While they're at it, they could take a page from Gioteck's coloring book, which appeals to both sensible color skeptics and those looking for visual splash. The SC-1's palette mixes black and red on approximately opposite-facing sides of the controller. You won't see too much of the other color when you're looking at one side, and that's important, because Gioteck smartly avoids an all-too-common problem for third-party controllers: they're visually noisy, and ugly to boot. The SC-1 is the polar opposite: visually striking, tasteful, and a pleasure to behold. It's also a pleasure to hold--the controller's matte-rubber surface is best-in-class comfort without slippage, abrasion, or worries.
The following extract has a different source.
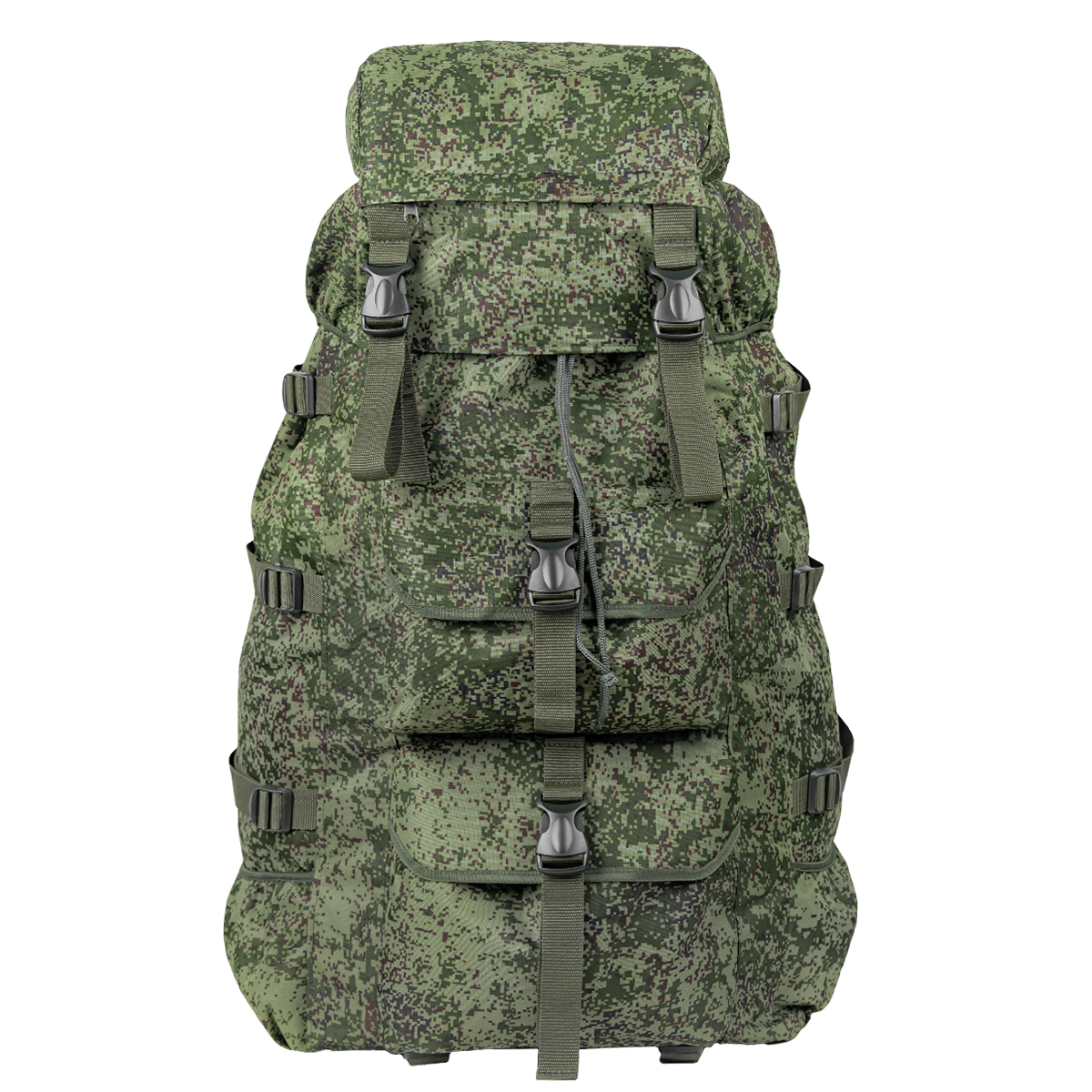 Рюкзак Турист большой "русская цифра" (85 л) (ширина - 39 см, глубина - 32 см, высота - 65 см) Рюкзак Турист большой "русская цифра" (85 л) (ширина - 39 см, глубина - 32 см, высота - 65 см)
The same can't be said for the surface texture of the SC-1's analog sticks, which are abnormally slippery given their design namesake. The Xbox 360 controller's analog sticks are famously easy to keep your thumbs on, thanks to small protruding dots along the concave surface's rim. The SC-1 has these as well, but they're far less protruding and nigh useless when combined with a surface material that's more slippery (slippery-er?) than any controller I've held. To be clear, this is just the thumbsticks we're talking about--the controller feels like a dream (with one exception; I'll get to that in a bit), but the analog sticks require constant back-of-mind attention to ensure your thumbs don't slip off in the middle of intense gaming.
I could forgive this oversight in the controller's favor if not for one serious flaw, a caveat so negligible on paper yet so meaningful in its consequence.
It's impossible to comfortably reach L1 and R1.
It sounds so silly, so foreign in its matter-of-factness and how any controller manufacturer could mess this up. It doesn't help that the reason is difficult to describe without a degree in Ergonomics. Fact is, the SC-1's handles and general form factor are angled in such a way that your forefingers rest very comfortably on the L2 and R2 triggers, but moving to L1 and R1 requires stretching--actually stretching--just enough to be uncomfortable for any kind of play. You CAN correct the problem by changing the way you hold the controller, but what have you really accomplished? The opposite becomes true with L2 and R2 being ever-so-slightly out of reach, and now your hand is cramped. Controllers tend to get trashed between a rock and a hard place.
It's also too small. But only a tiny bit too small, and that's subjective anyway.
In fact, it's important to consider that every review of an accessory--especially a controller--will be fraught with subjectivity. That's the point of reviews--application of an individual perspective to an object of desire--but it's also something of a curse. I can't tell you for sure if your hand size will reproduce the L1/R1 problem I've described. It sure seems like it would, but I can't guarantee that. (For reference, I'm a six-foot male with very average hand size, and I like to think my fingers are slightly longer than most.)
What I can guarantee is that Gioteck's SC-1 controller is bar none the best third-party PS3 controller I've held, but also the one I've least wanted to use.